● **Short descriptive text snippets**
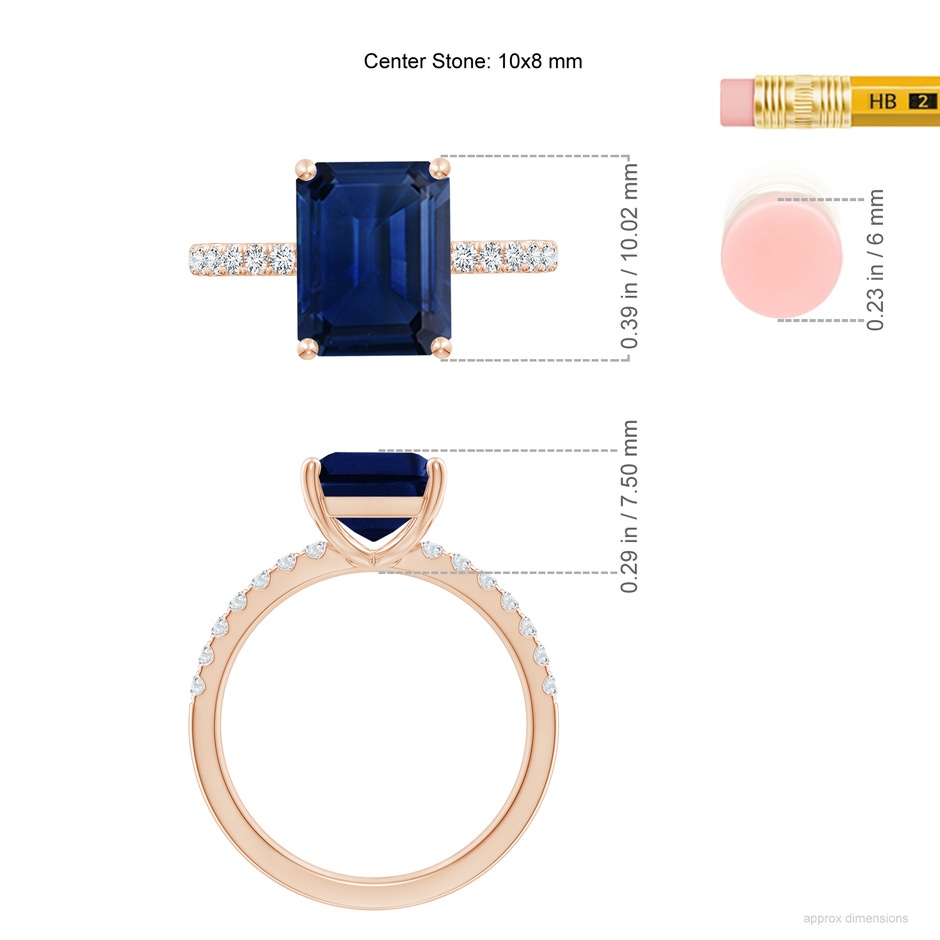 10x8mm AAA Emerald-Cut Blue Sapphire Engagement Ring with Diamonds in Rose Gold ruler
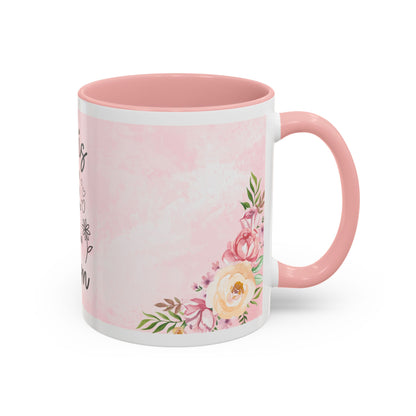 She is Mom Floral Accent Coffee Mug – ‘She is strong, loving, selfless and beautiful’ Gift for Mother’s Day
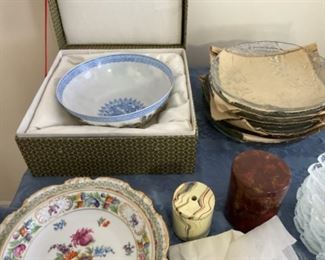 Chinese bowl and other glass and china.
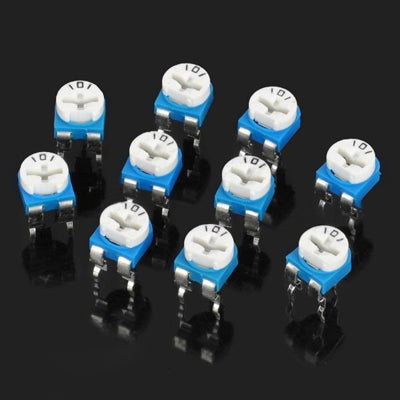 10 pcs 0.1W 50V Horizontal 101 100K Ohm Adjustable Resistor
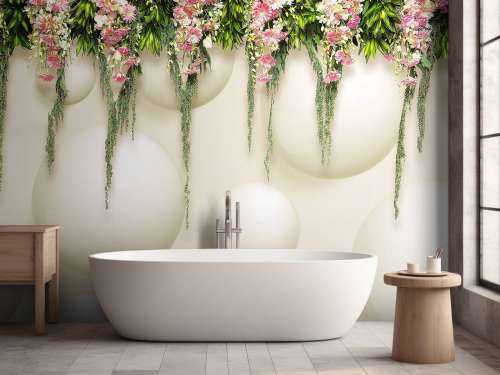 Fleurs roses suspendues sur un mur en 3D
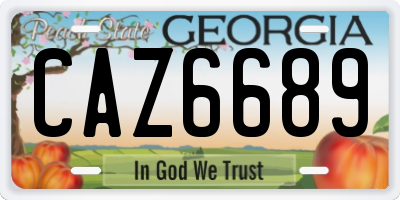 GA license plate CAZ6689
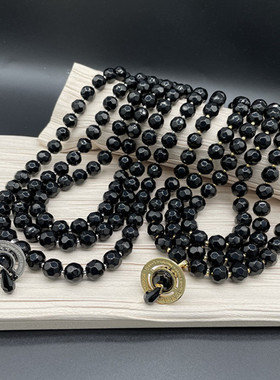 土星施华朋克黑色三层项链水滴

● **Activity**
Repeat the data word for word. Images are not part of the copy.

● **Output of the exercise**
 10x8mm AAA Emerald-Cut Blue Sapphire Engagement Ring with Diamonds in Rose Gold ruler
 She is Mom Floral Accent Coffee Mug – ‘She is strong, loving, selfless and beautiful’ Gift for Mother’s Day
 Chinese bowl and other glass and china.
 10 pcs 0.1W 50V Horizontal 101 100K Ohm Adjustable Resistor
 Fleurs roses suspendues sur un mur en 3D
 GA license plate CAZ6689
 土星施华朋克黑色三层项链水滴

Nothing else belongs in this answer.